I received a notice from court telling me that I had been convicted in my absence of driving without due care. I got nine points on my licence and a £800 fine.

I do remember getting a letter from the Police asking me to identify the rider of my motorcycle about six months ago. I wrote back telling them it was me. Then it all went quiet. I received nothing at all, and I am shocked to be told there was a trial without me!

I have done some digging and apparently this relates to me overtaking (and pulling a wheelie) past a car.

I am being honest here – I didn’t mean to wheelie. I’ve been having trouble with my quickshifter and as I overtook the car, my bike must have changed down a gear, causing me to pull a wheelie.

The car I overtook was running a dash cam and I think they passed the footage to the police. No one believes me when I tell them I didn’t mean to wheelie. I have got evidence of the bike going back and forth to the garage. My missus is livid with me and I am in the dog house, I need some advice on how to undo this mess.


Oh boy. This advice covers lots of different things, so here we go…

Statutory Declaration

You need to make something called a Statutory Declaration at the court. This is done under oath and will set aside the conviction and reopen the proceedings. It is basically you swearing, under oath, that you didn’t know about the court case. Do this within 21 days of finding out about the conviction. If you delay, the court may not grant you permission to make the declaration.

Court case

Once reopened, the court will want to know how you plead to the charge of driving without due care. I am surprised this isn’t a dangerous charge (which pulling a wheelie almost always is), but I can see you might have a defence. You will need to enter a not guilty plea and the court will set the matter down for a trial. It is important to get a solicitor on board. You will need to explain to the court the basis of your defence and who you intend to call to trial.

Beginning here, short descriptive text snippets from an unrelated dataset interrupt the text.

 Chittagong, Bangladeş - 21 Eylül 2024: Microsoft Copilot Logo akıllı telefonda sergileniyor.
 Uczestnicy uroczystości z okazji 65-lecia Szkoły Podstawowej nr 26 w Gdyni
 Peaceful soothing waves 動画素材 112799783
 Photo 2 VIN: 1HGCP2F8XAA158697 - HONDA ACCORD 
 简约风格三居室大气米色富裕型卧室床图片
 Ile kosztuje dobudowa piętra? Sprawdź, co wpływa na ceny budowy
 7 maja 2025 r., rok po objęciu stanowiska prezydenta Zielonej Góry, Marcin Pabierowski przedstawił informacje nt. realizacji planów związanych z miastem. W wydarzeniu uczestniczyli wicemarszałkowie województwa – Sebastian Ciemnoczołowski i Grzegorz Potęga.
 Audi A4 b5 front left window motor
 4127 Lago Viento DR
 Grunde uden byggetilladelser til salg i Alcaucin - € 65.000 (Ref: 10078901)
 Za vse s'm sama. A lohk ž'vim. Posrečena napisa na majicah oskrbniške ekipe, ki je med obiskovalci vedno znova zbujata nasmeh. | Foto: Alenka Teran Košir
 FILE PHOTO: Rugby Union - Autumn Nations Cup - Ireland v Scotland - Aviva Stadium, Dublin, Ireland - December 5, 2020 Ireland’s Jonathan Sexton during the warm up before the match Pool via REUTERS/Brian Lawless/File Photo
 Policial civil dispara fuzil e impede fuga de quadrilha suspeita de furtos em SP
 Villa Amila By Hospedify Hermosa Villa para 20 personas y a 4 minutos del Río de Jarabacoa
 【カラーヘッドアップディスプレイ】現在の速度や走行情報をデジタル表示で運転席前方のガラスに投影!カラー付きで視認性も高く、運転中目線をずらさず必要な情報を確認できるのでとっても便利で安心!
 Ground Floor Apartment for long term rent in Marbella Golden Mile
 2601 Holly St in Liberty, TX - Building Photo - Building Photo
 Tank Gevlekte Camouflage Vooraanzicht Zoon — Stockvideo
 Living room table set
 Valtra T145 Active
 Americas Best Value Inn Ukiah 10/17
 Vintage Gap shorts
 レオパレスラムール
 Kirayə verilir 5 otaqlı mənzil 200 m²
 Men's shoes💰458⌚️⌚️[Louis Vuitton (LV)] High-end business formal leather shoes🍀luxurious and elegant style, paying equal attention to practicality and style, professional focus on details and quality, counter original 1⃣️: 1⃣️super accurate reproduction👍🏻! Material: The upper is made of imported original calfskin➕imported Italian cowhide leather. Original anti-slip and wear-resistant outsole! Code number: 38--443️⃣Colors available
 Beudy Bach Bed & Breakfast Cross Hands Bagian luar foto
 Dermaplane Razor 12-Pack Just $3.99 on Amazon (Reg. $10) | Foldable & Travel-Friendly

This matters, as the court will allocate the proper time for the trial and you don’t want to ambush the CPS with your defence. Tell them up front. You will also need to get all of the prosecution evidence from the CPS.


Your entire defence appears to rely on the fact that your riding did not fall below the standard because an external factor caused the bike to wheelie. That external factor is a defective quickshifter that changed down a gear at the most inopportune time. If you can prove that, then I think you are in with a shout at defending this charge.

Work with your solicitor in finding a suitable expert to examine your bike. Make sure you keep all of the evidence of your bike going back and forth to the garage, if the expert does find a fault with the quickshifter, then you have a defence. Give this to the CPS and see if they will discontinue the case. If not, prepare for a trial. The CPS might want their own expert evidence but I think it unlikely.

There are lots of moving parts here; get a decent solicitor to take care of this. If you do it yourself, you run the risk of missing deadlines or not understanding the Criminal Procedure Rules. I have had to be brief in this advice due to word count but hopefully this will get you out of the dog house!